Where a picture appears in the data below, exclude it; restate everything else word for word.

LISTED ENTRIES »
○ ○ ○ ○ ○ ○ ○
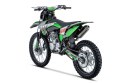 Pojazd Motor Spalinowy TITAN 300cc Zielony
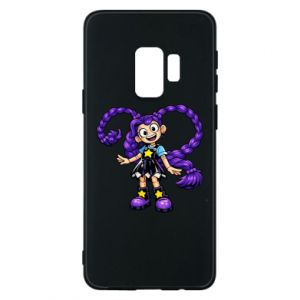 Etui na Samsung S9 Lily Love Braves Poppy Playtime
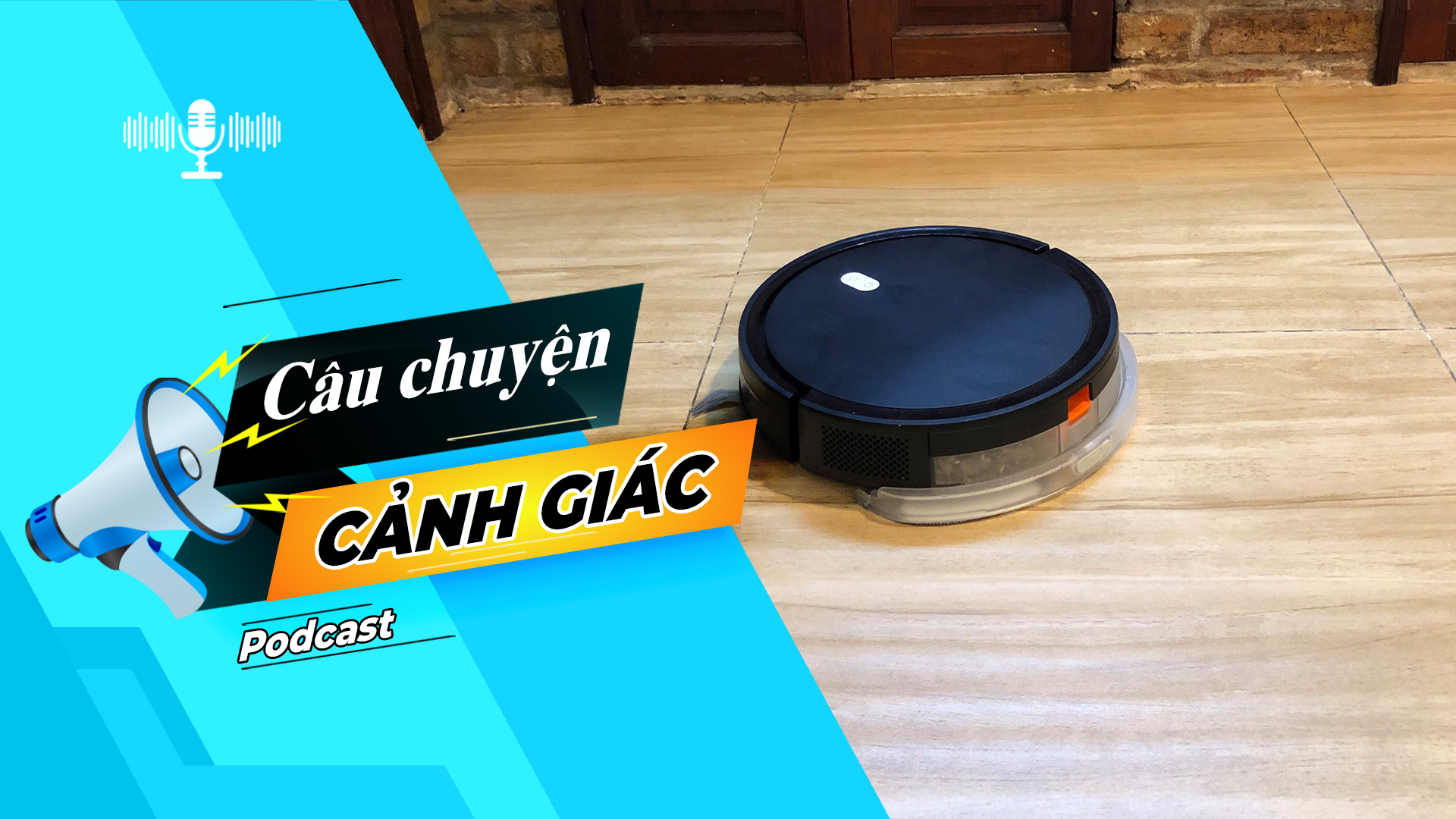Cẩn trọng khi sử dụng đồ gia dụng có gắn camera | Câu chuyện cảnh giác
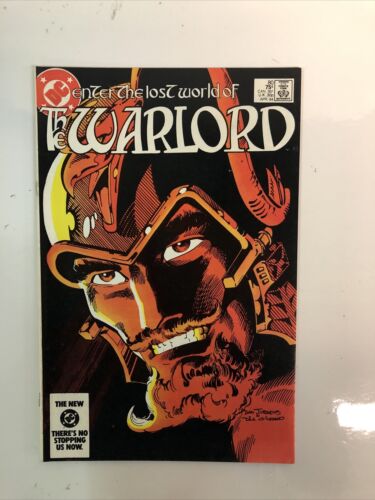 The Warlord (1982) Consequential Set # 58-133 & Annual # 1-6 (F/VF) DC Comics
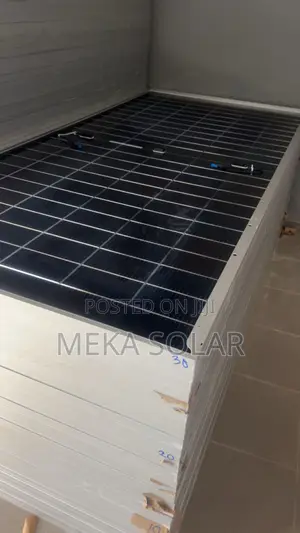 Jasolar 630W Bifacial Solar Panel (695W Bifaciality)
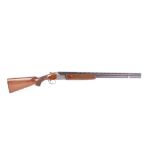 Ⓕ (S2) 12 bore Winchester 101 XTR Lightweight over and under, ejector, 28 ins barrels, ¾ & ¼, engine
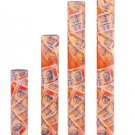 Dollar/Euro party  popper, halloween party confetti popper,money party popper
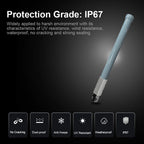 Outdoor LoRa Antenna 868 MHz for Meshtastic Helium Miner 868MHz Hotspot Antennas for Lorawan Long Range RP SMA Male with Cable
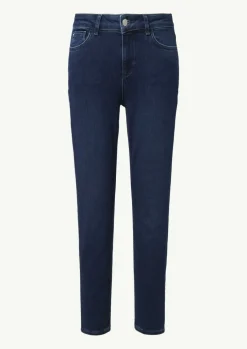 Superstretch-Jeans mit Skinny Leg-Comma Hot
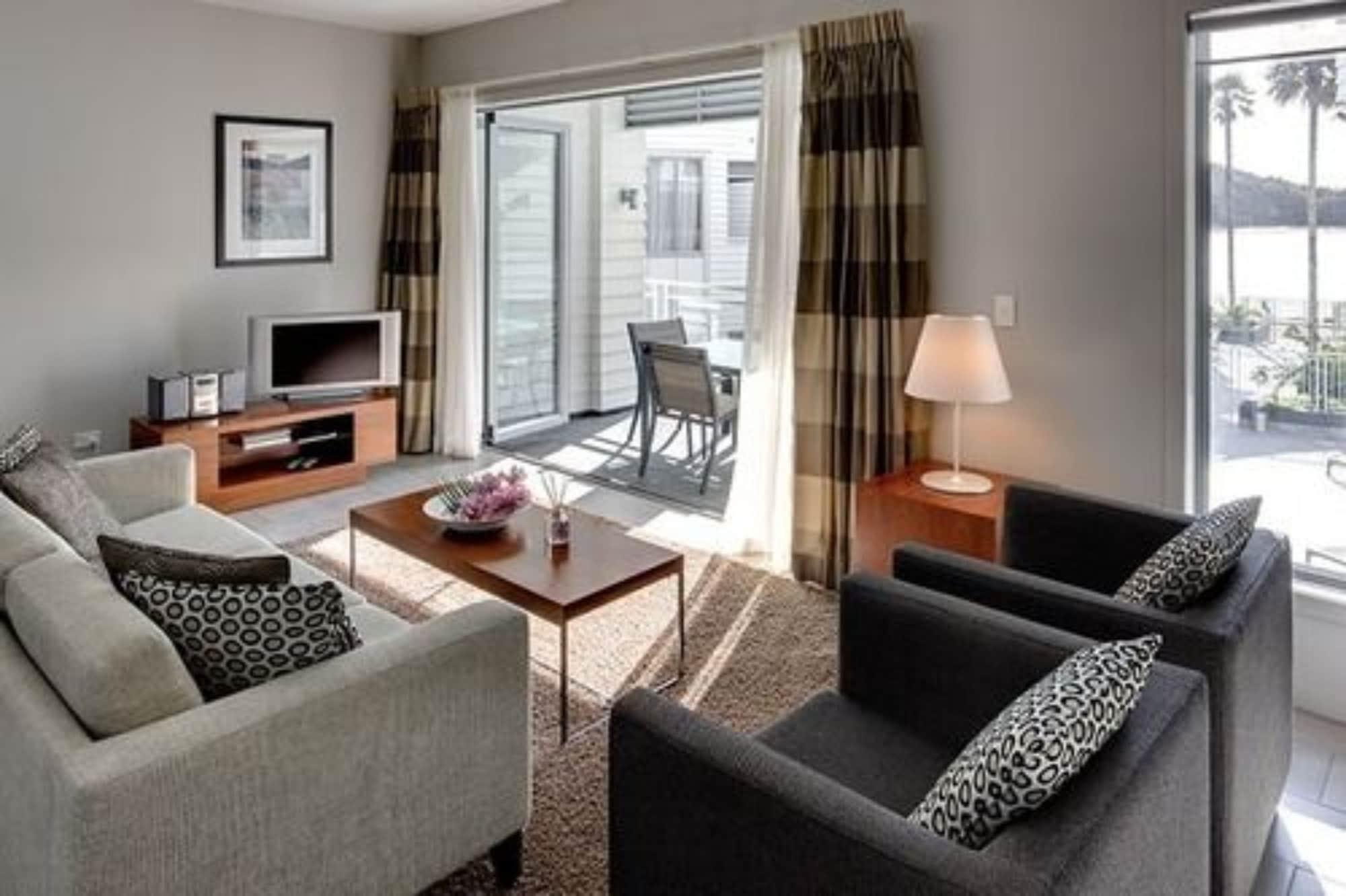 The Waterfront Suites - Heritage Collection Paihia Exteriér fotografie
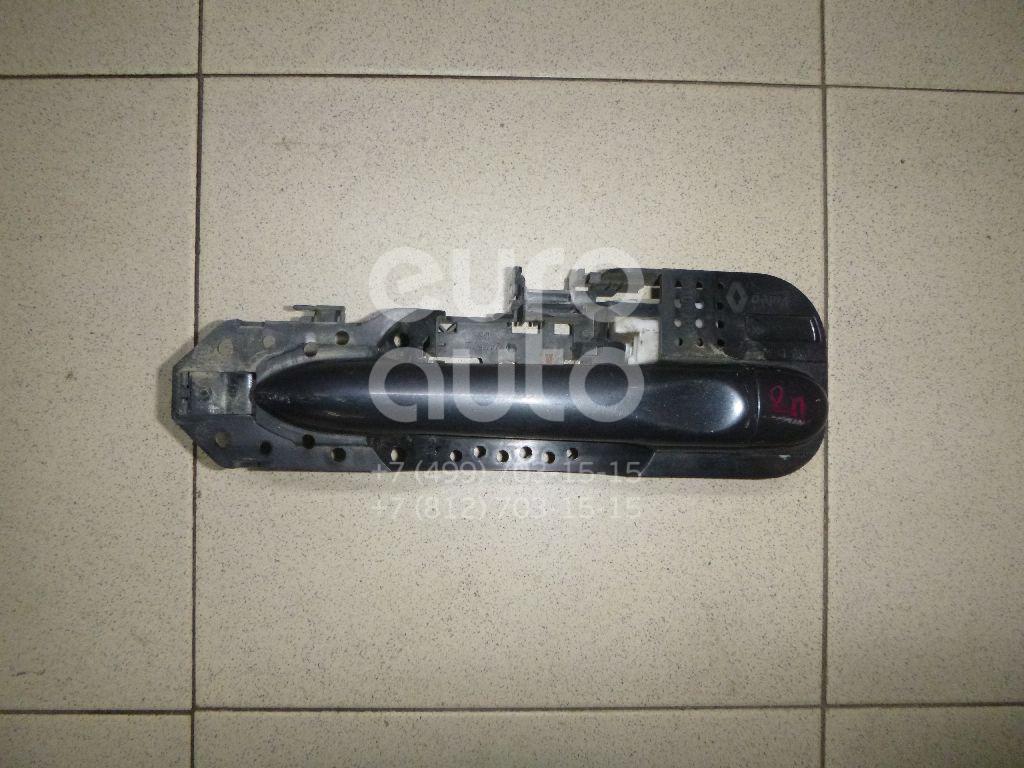 Купить Ручку Двери Рено Меган 2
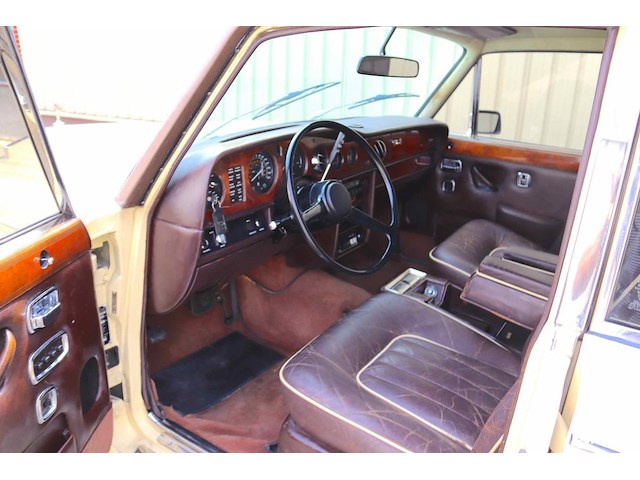 Rolls royce silver shadow ii, 1979 - afbeelding 16 van  45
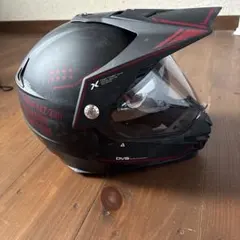 WINS X-ROAD FREE RIDE エヴァン Lサイズ マットブラックのサムネイル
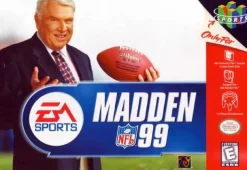 Madden NFL '99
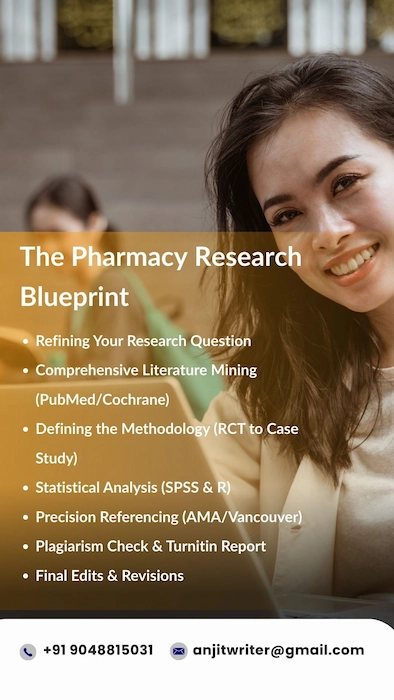 Pharmacy Research Paper Writing Service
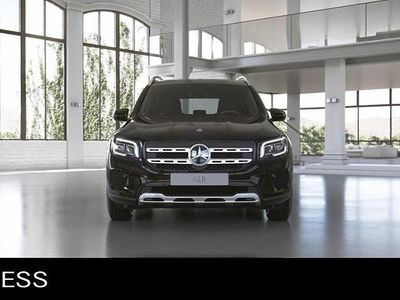 Gebraucht Mercedes GLB220 190 PS (139 kW) 2023 Unilack nachtschwarz SUV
○ ○ ○ ○ ○ ○ ○
SOLUTION »
 Pojazd Motor Spalinowy TITAN 300cc Zielony
 Etui na Samsung S9 Lily Love Braves Poppy Playtime
Cẩn trọng khi sử dụng đồ gia dụng có gắn camera | Câu chuyện cảnh giác
 The Warlord (1982) Consequential Set # 58-133 & Annual # 1-6 (F/VF) DC Comics
 Jasolar 630W Bifacial Solar Panel (695W Bifaciality)
 Ⓕ (S2) 12 bore Winchester 101 XTR Lightweight over and under, ejector, 28 ins barrels, ¾ & ¼, engine
 Dollar/Euro party  popper, halloween party confetti popper,money party popper
 Outdoor LoRa Antenna 868 MHz for Meshtastic Helium Miner 868MHz Hotspot Antennas for Lorawan Long Range RP SMA Male with Cable
 Superstretch-Jeans mit Skinny Leg-Comma Hot
 The Waterfront Suites - Heritage Collection Paihia Exteriér fotografie
 Купить Ручку Двери Рено Меган 2
 Rolls royce silver shadow ii, 1979 - afbeelding 16 van  45
 WINS X-ROAD FREE RIDE エヴァン Lサイズ マットブラックのサムネイル
 Madden NFL '99
 Pharmacy Research Paper Writing Service
 Gebraucht Mercedes GLB220 190 PS (139 kW) 2023 Unilack nachtschwarz SUV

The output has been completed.